Communication Protocols

The communication protocol fundamentally shapes the way a service is built. With so many types available, selecting the right one requires a thorough understanding of their workflows.

Hypertext Transfer Protocol (HTTP)

Hypertext Transfer Protocol (HTTP) is built on top of Transmission Control Protocol (TCP) and is widely regarded as the most common solution in many systems.

The concept is simple: clients send a request and receive an associated response immediately.

HTTP/1.0

The initial version of HTTP establishes a separate TCP connection for each request.
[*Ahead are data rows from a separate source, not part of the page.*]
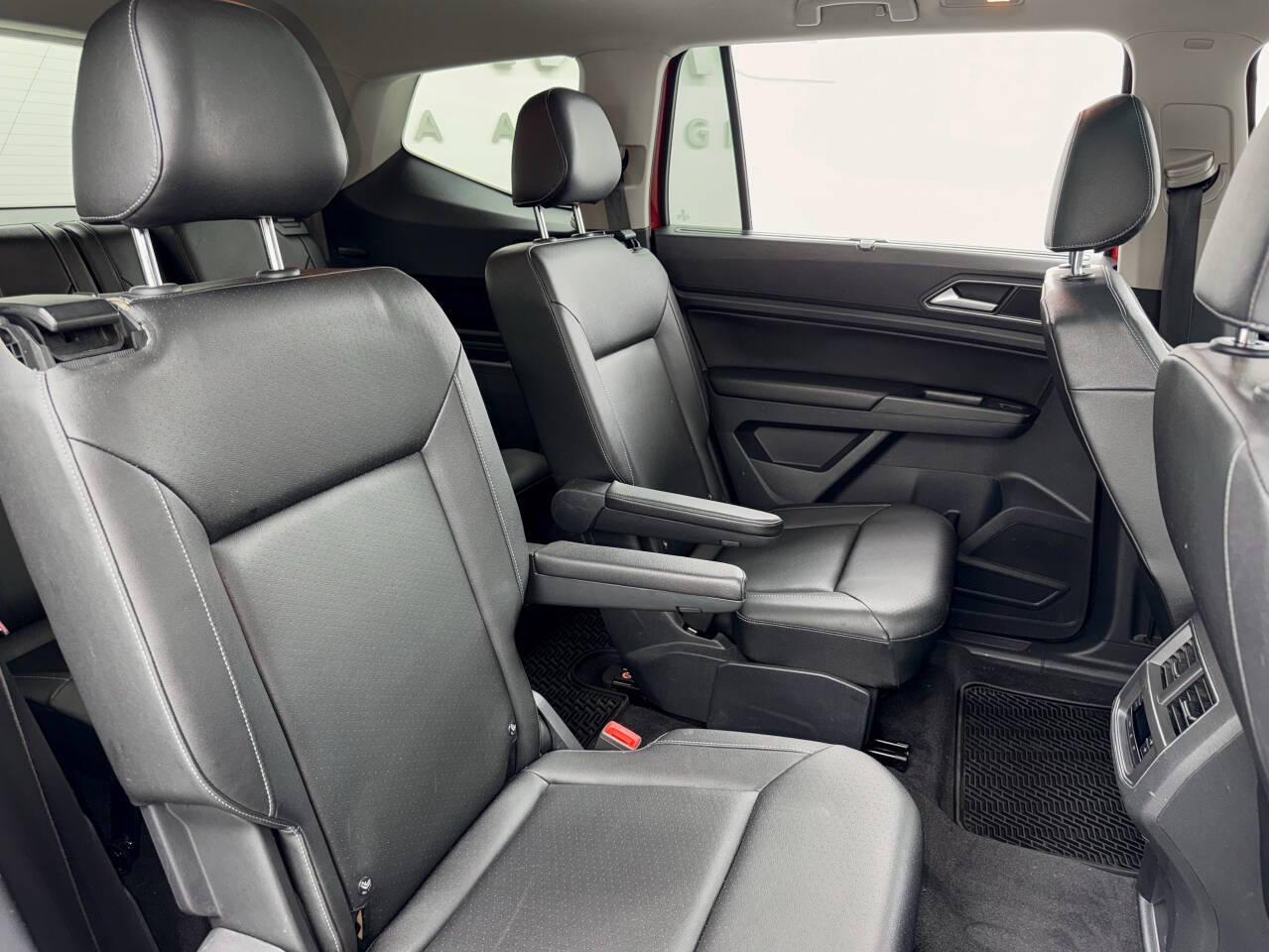 Volkswagen Atlas V6 SEL AWD 2018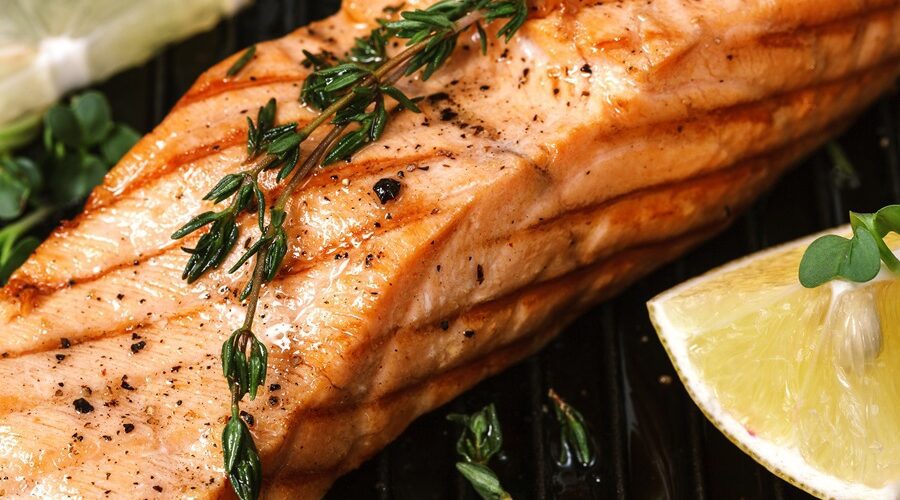 Olive Garden Herb Grilled Salmon Recipe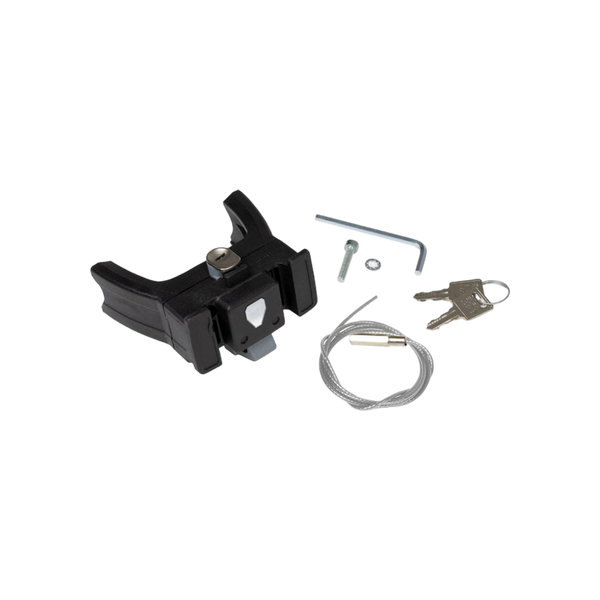 Ortlieb Mounting Set E-Bike Ultimate6 With Lock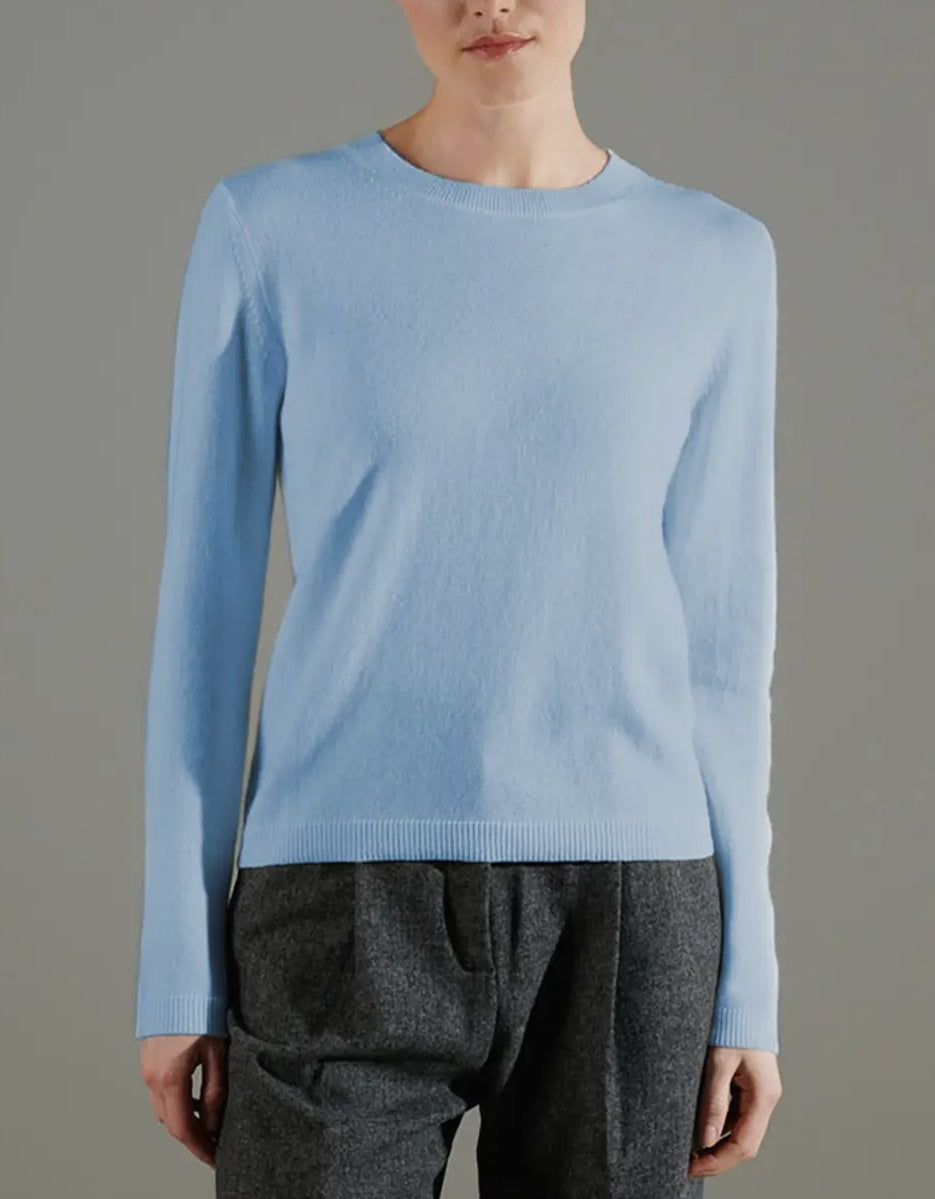 Maglione cashmere semplice ( 2 colori)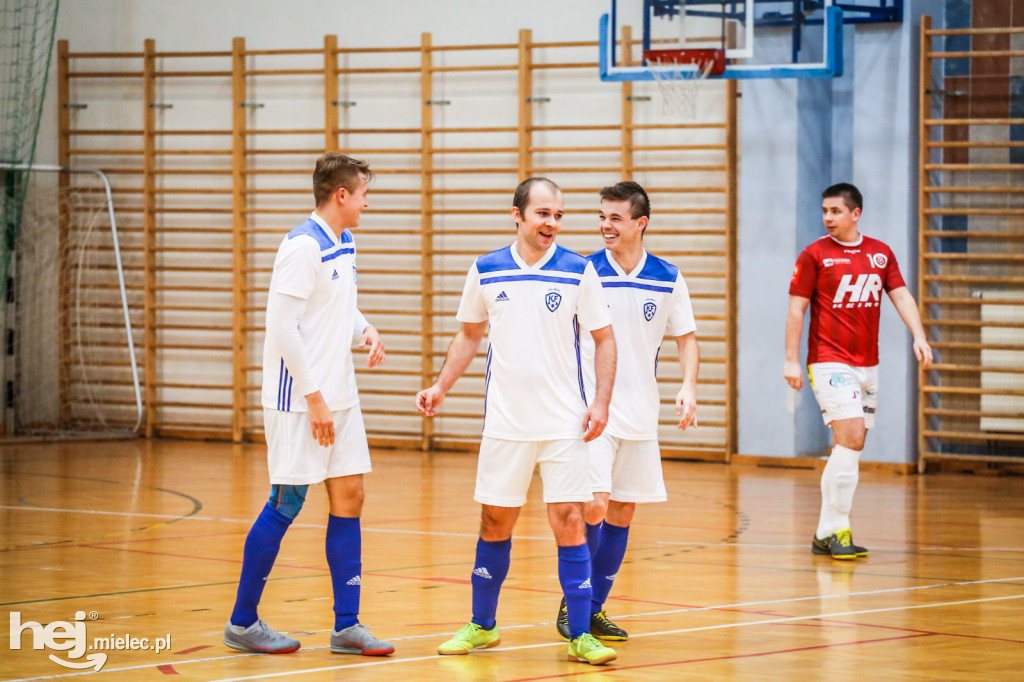 Futsal: KF Stal Mielec - Heiro Rzeszów II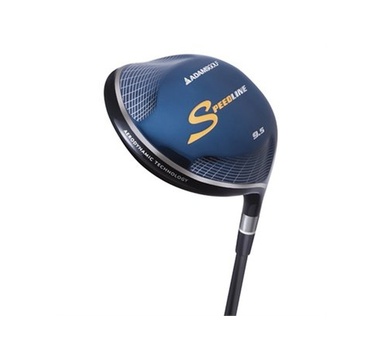 TimeForGolf - Adams Golf SpeedLine driver 9,5° graphite stiff RH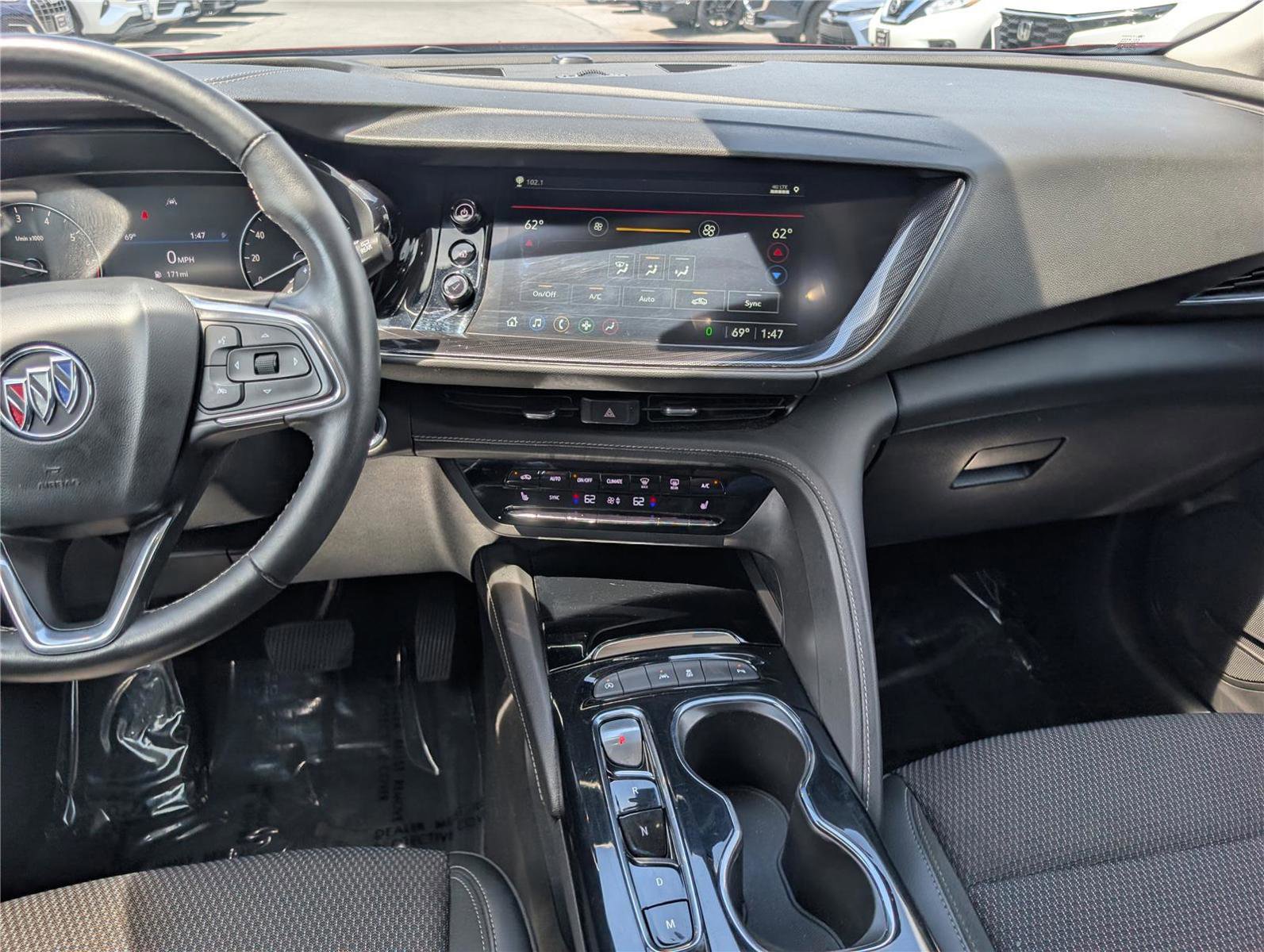 Used 2022 Buick Envision Preferred FWD image 18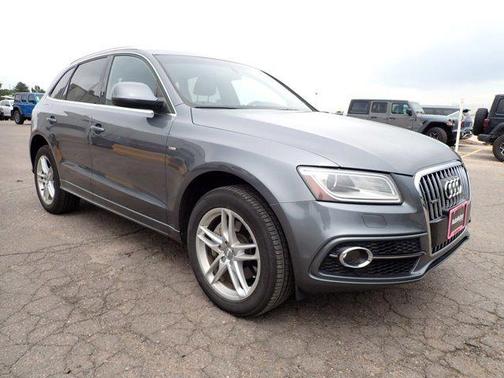 2013 Audi Q5 3.0T Premium Plus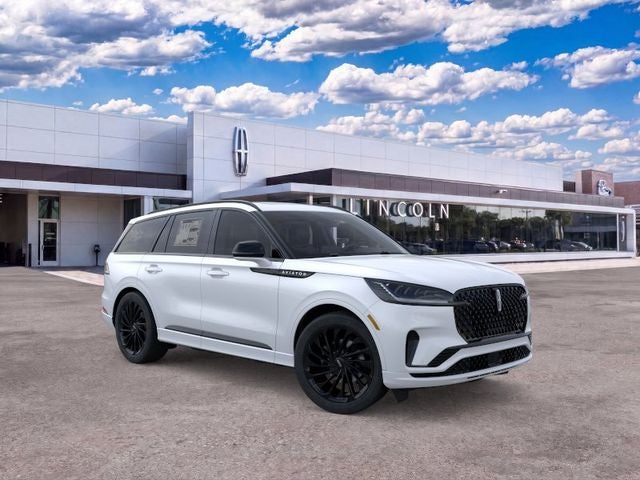 2026 Lincoln Aviator Reserve Premium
Creating a TCP connection is resource-intensive, especially when using SSL/TLS. This becomes inefficient when clients need to make multiple requests simultaneously, as numerous connections will be established as a result.

HTTP/1.1

HTTP/1.1 introduced an improvement by keeping a connection open for a short duration before disposing of it. This behavior is controlled by the Keep-Alive header, which specifies the connection’s lifespan.

HTTP has some potential drawbacks:

• Synchronous limitation: HTTP requires waiting for the request to complete, which is inefficient for long-running tasks better suited to the asynchronous manner.
• One-way communication: Requests always originate from the client side, with no mechanism for the server to actively send messages back.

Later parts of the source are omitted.